=== What the task asks ===
From the line that contains "600x569 Drawing Motorbike" down to the last line of the entries, repeat every line exactly. Do not carry over the pictures.

-- Input data follows --

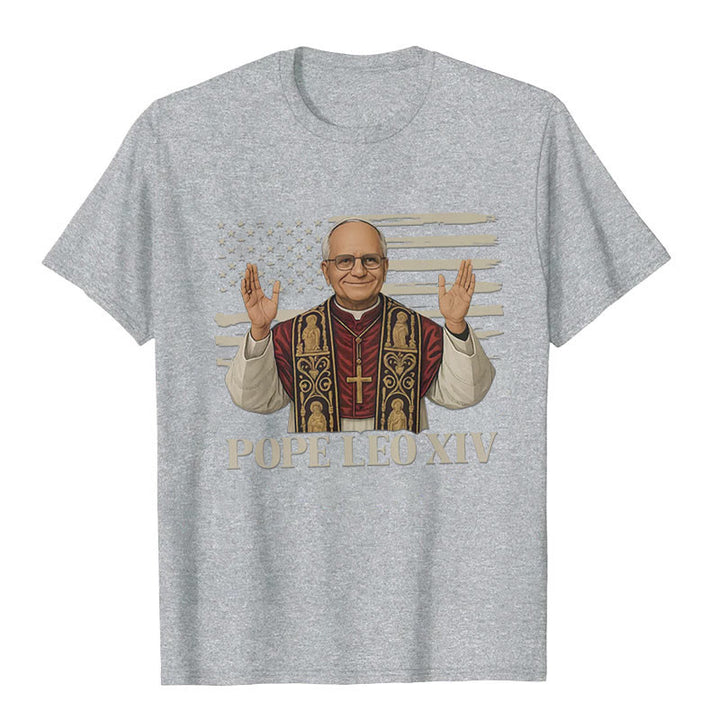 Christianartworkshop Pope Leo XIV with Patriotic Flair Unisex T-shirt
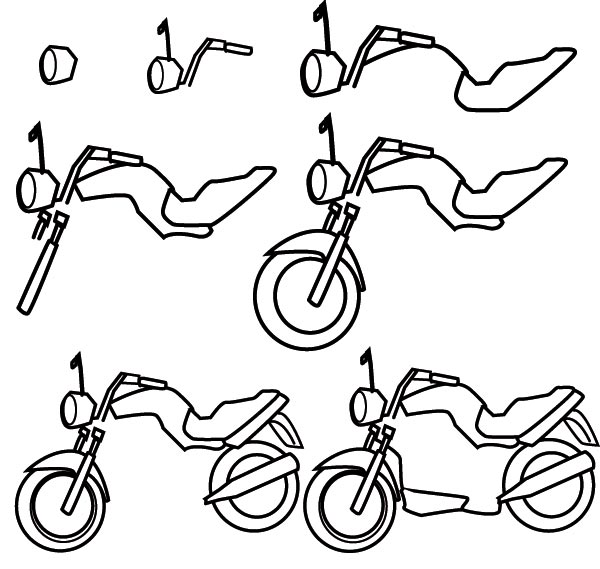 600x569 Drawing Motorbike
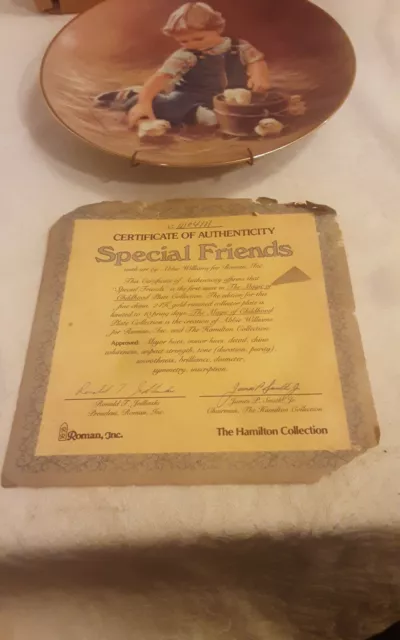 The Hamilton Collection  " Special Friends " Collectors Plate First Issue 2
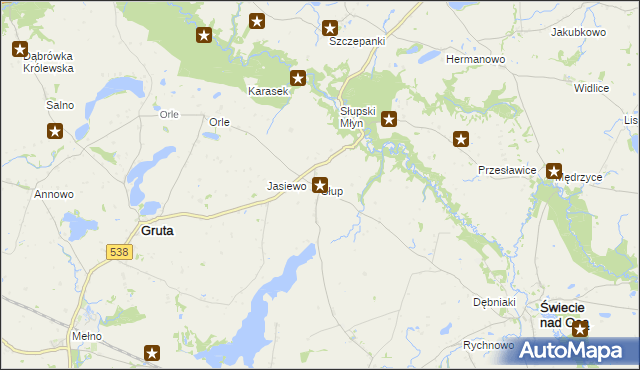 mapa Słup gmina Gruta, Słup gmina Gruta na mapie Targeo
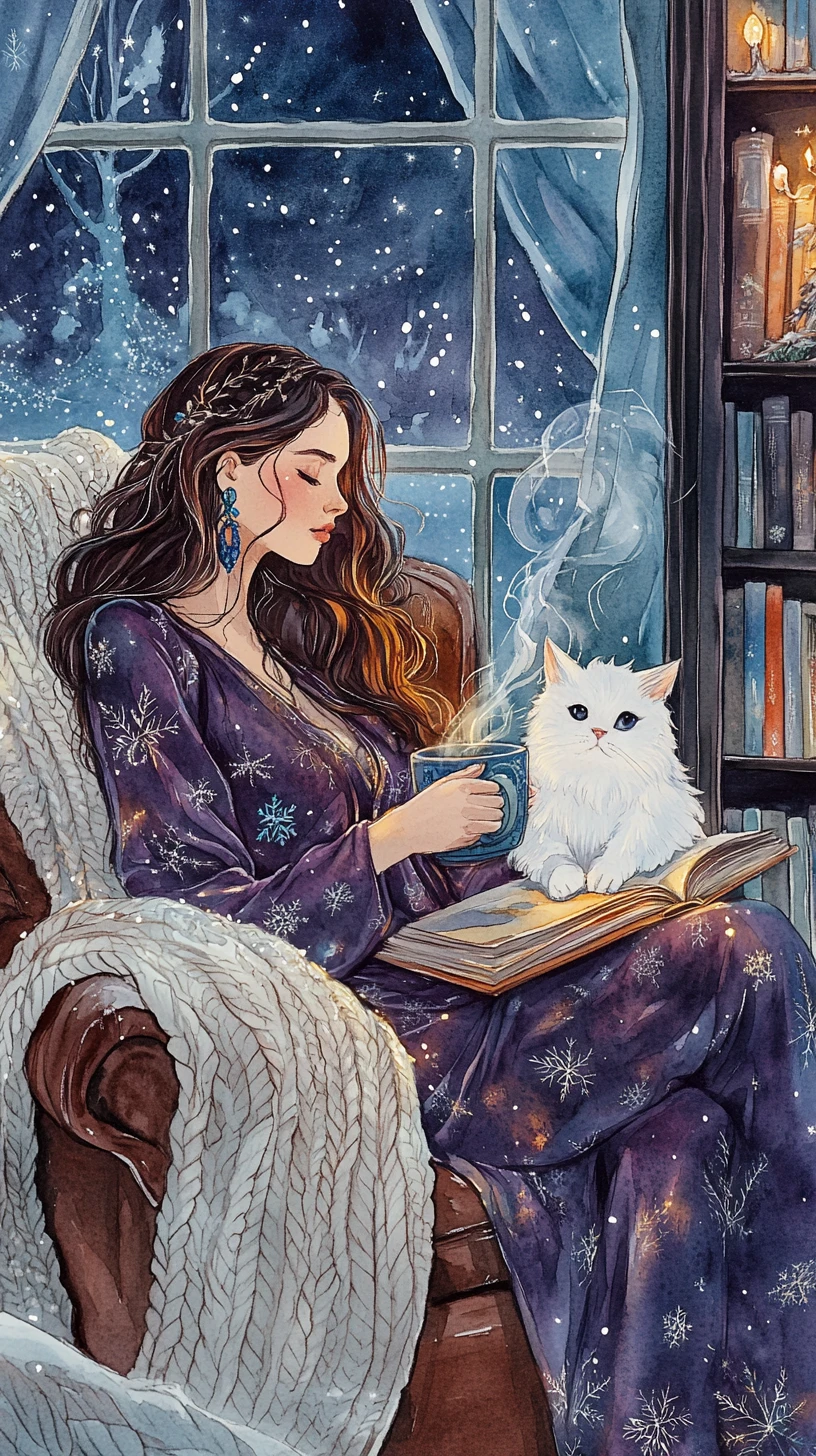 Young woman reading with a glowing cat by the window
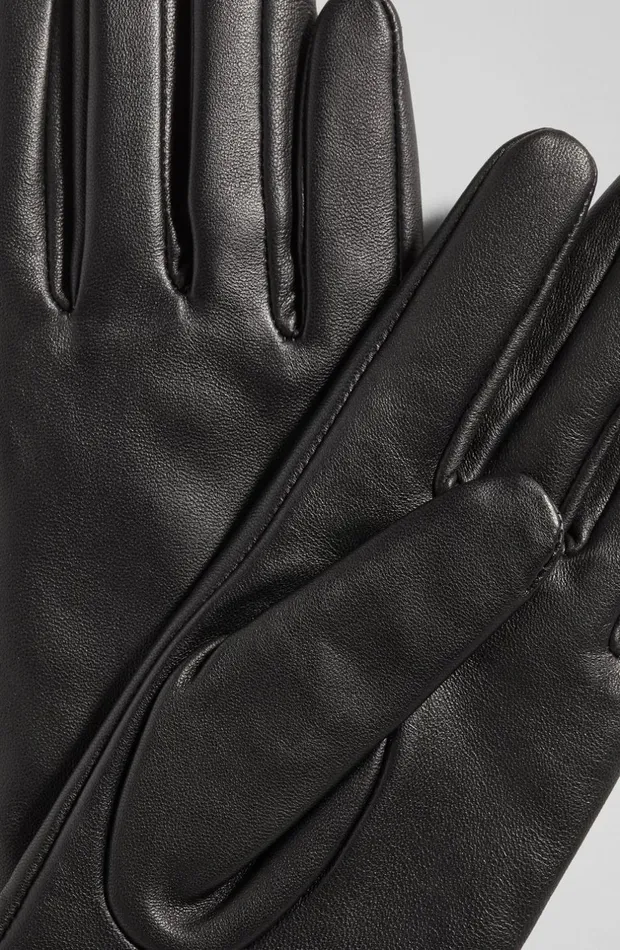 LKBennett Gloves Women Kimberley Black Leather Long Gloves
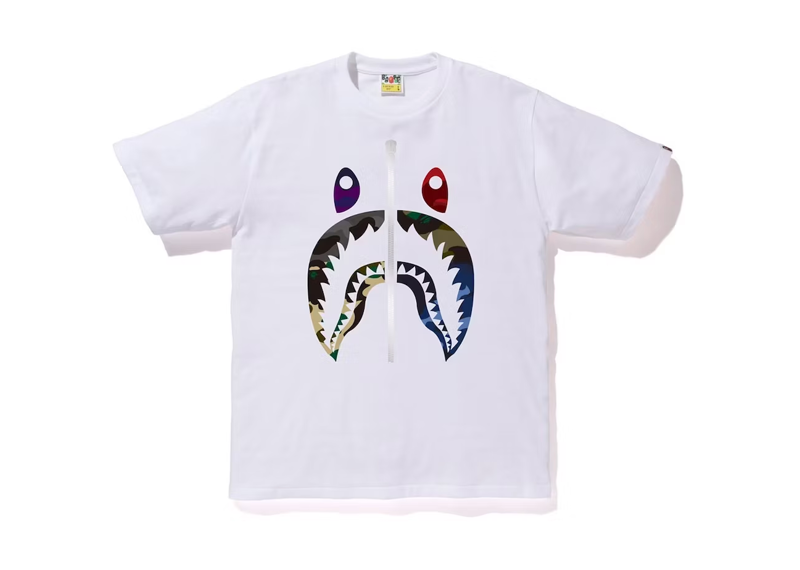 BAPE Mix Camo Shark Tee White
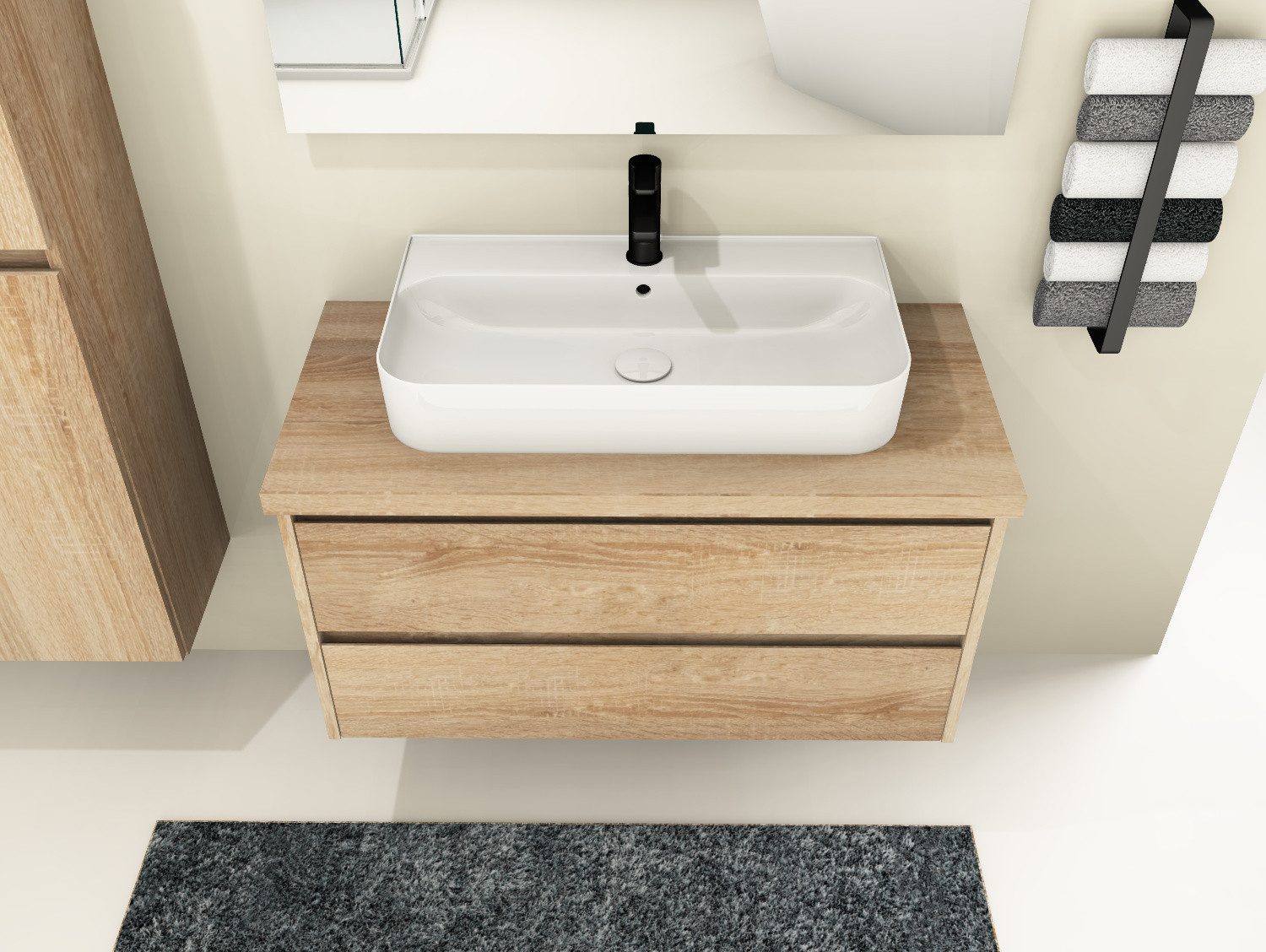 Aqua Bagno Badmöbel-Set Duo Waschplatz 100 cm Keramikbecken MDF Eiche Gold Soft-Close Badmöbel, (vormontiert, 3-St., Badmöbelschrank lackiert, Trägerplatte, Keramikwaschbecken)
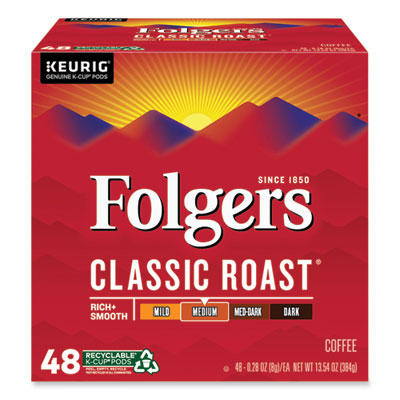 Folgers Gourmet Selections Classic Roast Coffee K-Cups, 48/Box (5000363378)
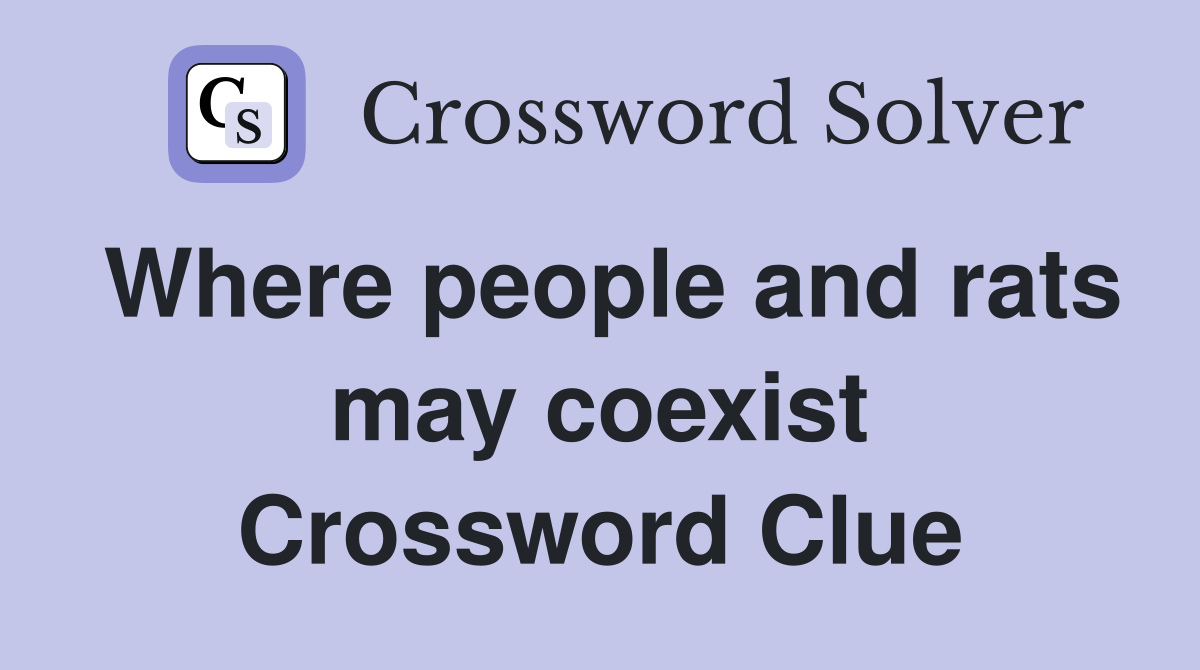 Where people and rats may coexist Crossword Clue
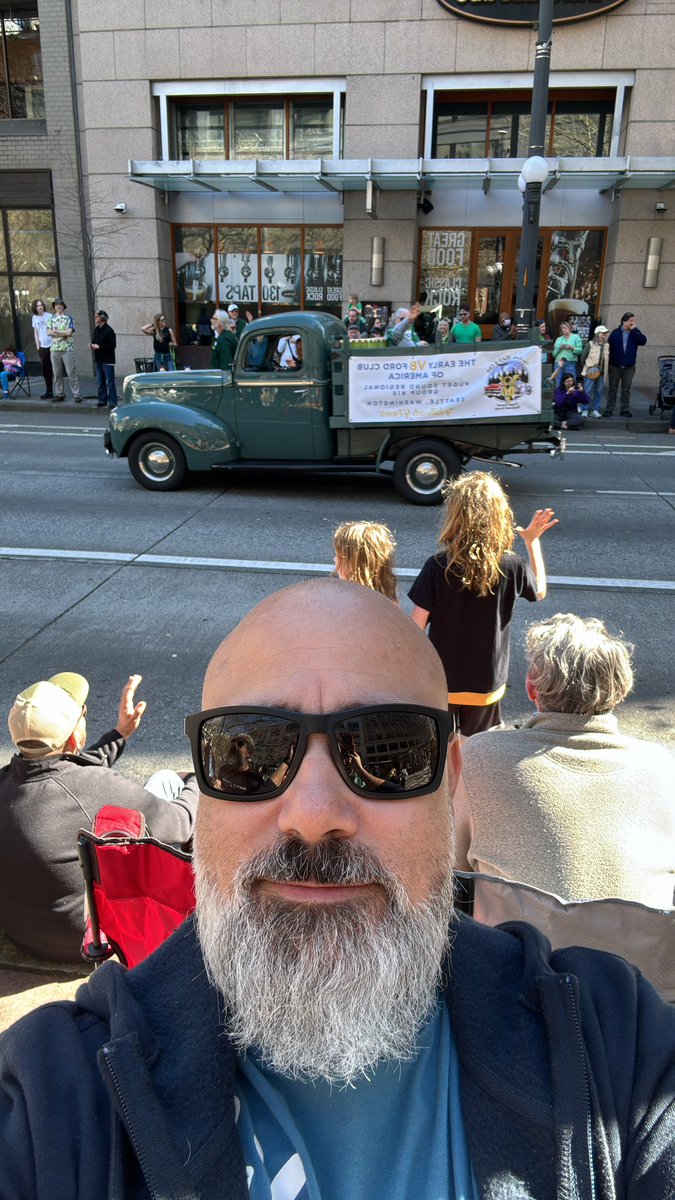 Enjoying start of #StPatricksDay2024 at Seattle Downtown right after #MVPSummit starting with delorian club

-- Input data concluded --

=== Problem solution ===
 600x569 Drawing Motorbike
 The Hamilton Collection  " Special Friends " Collectors Plate First Issue 2
 mapa Słup gmina Gruta, Słup gmina Gruta na mapie Targeo
 Young woman reading with a glowing cat by the window
 LKBennett Gloves Women Kimberley Black Leather Long Gloves
 BAPE Mix Camo Shark Tee White
 Aqua Bagno Badmöbel-Set Duo Waschplatz 100 cm Keramikbecken MDF Eiche Gold Soft-Close Badmöbel, (vormontiert, 3-St., Badmöbelschrank lackiert, Trägerplatte, Keramikwaschbecken)
 Folgers Gourmet Selections Classic Roast Coffee K-Cups, 48/Box (5000363378)
 Where people and rats may coexist Crossword Clue
 Enjoying start of #StPatricksDay2024 at Seattle Downtown right after #MVPSummit starting with delorian club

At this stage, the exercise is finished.